Il rame è uno dei metalli maggiormente utilizzati fin dai tempi antichi e dalla rivoluzione industriale in avanti ha avuto da sempre un ruolo molto importante, e per questo è tutt’ora tra i metalli più scambiati ed utilizzati nelle industrie così come nell’informatica e nell’elettronica.
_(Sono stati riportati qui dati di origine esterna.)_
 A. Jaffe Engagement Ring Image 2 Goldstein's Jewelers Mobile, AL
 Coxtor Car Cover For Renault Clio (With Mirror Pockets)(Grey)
Probabilmente è il metallo che viene usato da più tempo da parte dell’uomo, visto che secondo i reperti archeologici più antichi, il rame è stato sfruttato da circa 10mila anni, principalmente per le armi ma anche per oggetti di uso comune. La sua duttilità ed anche una discreta “sostenibilità” (una percentuale non trascurabile del rame odierno arriva da rottami riciclati) lo rendono oggi tra i metalli più apprezzati nell’ambito pratico, risultando appena meno “nobile” dell’argento e dell’oro.

Il valore del rame

Ad oggi il suo utilizzo è molto variegato: le miniere principali di rame sono presenti in Sud America (sopratutto in Cile ed in Perù) e questo metallo si suddivide in due categorie principali, il rame primario e quello raffinato. Il primo è rappresentato dal metallo “grezzo” che viene raccolto dalle miniere, il secondo è quello che subisce raffinazione ma anche quello sviluppato dal sopracitato riciclo.

Quanto vale?rame valore

A dispetto degli altri metalli, il valore del rame è particolarmente altalenante, visto che si presta molto bene ad essere acquistato e rivenduto in quantità anche considerevoli, sopratutto riciclato da apparecchiature elettriche. Una valutazione “realistica” si aggira ai 7-8 euro al chilo, ma questo si abbassa sopratutto se arriva da provenienza sospetta, come da apparecchi o forniture rubate, fino a “toccare” i 3 o 4 euro al chilo.

Proprio per questo motivo si tratta di un materiale che “foraggia” il commercio illegale che è da sempre molto attivo. Il rame defraudato arriva solitamente da cavi elettrici, visto che questo metallo è un ottimo conduttore di energia e viene sfruttato, come detto, anche e sopratutto nell’elettronica ma anche nell’ambito dei trasporti su binari, come treni e tram.